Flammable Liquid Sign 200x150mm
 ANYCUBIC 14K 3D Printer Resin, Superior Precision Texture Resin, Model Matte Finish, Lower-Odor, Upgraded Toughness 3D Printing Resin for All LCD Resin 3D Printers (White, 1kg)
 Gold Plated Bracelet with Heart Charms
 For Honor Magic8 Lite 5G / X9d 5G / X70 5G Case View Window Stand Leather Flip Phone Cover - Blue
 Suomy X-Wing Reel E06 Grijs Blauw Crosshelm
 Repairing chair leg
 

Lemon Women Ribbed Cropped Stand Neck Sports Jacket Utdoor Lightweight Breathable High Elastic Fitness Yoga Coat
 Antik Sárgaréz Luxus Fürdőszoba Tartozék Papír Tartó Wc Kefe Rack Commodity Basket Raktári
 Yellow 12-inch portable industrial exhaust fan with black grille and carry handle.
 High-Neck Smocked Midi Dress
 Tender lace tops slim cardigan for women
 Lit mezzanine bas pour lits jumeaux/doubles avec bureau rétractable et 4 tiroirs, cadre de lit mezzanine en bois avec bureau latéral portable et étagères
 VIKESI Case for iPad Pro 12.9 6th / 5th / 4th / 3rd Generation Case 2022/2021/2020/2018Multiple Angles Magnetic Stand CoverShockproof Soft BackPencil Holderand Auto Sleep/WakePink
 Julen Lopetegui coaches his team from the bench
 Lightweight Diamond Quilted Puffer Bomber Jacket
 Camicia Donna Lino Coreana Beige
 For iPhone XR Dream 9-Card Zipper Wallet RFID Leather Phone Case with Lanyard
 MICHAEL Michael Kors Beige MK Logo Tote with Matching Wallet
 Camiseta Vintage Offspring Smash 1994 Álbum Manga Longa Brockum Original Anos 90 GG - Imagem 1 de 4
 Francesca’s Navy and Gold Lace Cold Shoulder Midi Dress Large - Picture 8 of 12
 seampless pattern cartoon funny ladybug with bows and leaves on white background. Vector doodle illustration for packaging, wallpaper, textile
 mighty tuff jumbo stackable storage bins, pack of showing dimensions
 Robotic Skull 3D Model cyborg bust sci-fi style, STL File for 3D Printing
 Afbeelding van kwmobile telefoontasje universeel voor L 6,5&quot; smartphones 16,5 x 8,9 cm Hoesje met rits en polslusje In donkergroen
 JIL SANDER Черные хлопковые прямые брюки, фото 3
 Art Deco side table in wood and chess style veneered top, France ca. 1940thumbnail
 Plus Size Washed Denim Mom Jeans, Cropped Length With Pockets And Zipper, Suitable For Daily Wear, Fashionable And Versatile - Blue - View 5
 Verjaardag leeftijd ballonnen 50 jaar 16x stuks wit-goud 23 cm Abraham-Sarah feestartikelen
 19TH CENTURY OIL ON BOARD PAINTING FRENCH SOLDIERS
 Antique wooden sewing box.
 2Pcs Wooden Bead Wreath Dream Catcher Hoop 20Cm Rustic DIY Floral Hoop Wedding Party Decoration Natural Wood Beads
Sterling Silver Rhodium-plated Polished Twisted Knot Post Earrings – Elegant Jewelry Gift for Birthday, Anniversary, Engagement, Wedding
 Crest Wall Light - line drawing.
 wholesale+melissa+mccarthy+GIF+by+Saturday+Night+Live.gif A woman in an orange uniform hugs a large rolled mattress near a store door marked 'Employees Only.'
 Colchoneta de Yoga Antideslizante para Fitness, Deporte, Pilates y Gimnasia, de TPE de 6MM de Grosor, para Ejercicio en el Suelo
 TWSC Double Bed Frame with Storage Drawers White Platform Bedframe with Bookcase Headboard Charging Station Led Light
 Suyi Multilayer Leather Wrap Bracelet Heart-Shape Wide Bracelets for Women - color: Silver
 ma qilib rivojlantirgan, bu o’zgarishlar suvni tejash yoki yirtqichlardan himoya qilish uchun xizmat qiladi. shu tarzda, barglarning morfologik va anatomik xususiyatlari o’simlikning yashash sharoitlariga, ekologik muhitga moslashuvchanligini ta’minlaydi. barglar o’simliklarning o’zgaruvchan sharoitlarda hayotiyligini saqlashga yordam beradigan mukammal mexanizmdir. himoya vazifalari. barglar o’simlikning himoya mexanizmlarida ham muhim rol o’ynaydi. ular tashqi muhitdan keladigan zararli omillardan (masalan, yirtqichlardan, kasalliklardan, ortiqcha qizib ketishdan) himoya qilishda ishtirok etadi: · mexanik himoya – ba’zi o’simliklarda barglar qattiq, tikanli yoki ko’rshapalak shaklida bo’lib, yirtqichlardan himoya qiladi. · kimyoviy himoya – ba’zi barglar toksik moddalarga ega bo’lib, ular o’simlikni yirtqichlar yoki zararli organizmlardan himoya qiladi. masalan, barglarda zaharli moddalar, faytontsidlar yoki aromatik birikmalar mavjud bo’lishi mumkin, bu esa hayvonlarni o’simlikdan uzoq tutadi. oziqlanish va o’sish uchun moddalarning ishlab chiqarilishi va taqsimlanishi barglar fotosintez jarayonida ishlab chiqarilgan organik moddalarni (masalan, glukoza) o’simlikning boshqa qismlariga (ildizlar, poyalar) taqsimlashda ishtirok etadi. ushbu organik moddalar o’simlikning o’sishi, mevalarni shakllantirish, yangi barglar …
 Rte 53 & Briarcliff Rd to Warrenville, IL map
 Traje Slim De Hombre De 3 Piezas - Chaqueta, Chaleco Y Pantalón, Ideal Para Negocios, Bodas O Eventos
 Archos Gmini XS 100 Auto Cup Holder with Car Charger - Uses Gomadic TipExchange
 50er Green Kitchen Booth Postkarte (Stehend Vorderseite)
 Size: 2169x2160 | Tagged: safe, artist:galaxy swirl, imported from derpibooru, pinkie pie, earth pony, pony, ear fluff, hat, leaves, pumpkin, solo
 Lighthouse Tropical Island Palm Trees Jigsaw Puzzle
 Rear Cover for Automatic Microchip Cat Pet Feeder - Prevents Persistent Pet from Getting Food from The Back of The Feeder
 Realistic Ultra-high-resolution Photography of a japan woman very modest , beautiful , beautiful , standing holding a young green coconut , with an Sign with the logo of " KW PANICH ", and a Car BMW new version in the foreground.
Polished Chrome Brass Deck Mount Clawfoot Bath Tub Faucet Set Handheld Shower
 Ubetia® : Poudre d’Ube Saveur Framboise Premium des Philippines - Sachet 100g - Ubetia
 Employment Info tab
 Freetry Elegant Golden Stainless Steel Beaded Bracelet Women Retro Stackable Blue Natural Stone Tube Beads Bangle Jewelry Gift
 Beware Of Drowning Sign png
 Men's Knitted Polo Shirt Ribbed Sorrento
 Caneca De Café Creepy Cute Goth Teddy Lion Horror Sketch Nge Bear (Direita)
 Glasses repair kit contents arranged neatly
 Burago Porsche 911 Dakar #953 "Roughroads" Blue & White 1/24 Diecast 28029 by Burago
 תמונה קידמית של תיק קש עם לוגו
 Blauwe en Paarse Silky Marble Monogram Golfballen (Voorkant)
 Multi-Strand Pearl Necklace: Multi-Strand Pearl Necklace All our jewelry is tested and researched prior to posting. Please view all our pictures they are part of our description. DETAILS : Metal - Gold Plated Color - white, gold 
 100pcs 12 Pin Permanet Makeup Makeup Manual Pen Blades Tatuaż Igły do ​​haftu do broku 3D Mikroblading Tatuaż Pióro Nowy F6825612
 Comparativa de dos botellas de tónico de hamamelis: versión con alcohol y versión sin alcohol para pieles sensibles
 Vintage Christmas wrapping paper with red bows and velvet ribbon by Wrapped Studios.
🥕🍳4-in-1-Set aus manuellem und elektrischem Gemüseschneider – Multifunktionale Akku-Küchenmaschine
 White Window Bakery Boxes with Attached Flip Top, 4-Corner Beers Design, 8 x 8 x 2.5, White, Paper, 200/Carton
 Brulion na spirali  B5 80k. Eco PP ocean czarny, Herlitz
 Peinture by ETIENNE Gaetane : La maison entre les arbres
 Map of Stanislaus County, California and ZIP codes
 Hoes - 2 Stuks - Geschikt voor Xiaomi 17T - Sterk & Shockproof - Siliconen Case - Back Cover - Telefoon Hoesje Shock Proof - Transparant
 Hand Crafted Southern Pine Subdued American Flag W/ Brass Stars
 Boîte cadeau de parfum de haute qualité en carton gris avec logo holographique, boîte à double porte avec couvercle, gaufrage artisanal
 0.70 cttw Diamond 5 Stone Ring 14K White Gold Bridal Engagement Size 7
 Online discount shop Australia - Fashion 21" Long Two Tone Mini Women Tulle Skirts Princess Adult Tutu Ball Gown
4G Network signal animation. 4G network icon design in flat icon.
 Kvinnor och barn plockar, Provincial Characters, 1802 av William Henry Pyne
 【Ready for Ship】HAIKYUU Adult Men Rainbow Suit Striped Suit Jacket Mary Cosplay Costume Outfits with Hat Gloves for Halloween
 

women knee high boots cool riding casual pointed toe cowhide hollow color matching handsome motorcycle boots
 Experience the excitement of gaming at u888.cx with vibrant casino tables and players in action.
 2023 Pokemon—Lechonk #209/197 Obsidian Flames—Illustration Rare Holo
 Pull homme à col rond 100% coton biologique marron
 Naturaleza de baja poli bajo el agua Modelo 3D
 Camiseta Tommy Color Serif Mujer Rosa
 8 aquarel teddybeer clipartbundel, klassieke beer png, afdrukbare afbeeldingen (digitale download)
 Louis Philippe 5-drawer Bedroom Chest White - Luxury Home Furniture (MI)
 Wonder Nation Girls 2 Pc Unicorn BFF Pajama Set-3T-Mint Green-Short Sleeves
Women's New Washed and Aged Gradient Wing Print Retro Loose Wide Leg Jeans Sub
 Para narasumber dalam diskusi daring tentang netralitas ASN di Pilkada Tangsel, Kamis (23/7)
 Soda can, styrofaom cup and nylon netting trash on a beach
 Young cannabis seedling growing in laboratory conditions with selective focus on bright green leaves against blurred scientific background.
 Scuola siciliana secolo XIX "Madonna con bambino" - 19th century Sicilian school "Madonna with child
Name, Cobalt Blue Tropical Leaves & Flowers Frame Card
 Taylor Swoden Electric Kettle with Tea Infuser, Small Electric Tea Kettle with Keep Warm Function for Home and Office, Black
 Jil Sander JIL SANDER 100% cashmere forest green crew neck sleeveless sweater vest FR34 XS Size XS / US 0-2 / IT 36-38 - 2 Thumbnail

++++

Exercise requirements |
Exactly as written, repeat the lines from the start of the listing through the line containing "Gold Plated Bracelet with Heart Charms", both included.

Result of this exercise |
Flammable Liquid Sign 200x150mm
 ANYCUBIC 14K 3D Printer Resin, Superior Precision Texture Resin, Model Matte Finish, Lower-Odor, Upgraded Toughness 3D Printing Resin for All LCD Resin 3D Printers (White, 1kg)
 Gold Plated Bracelet with Heart Charms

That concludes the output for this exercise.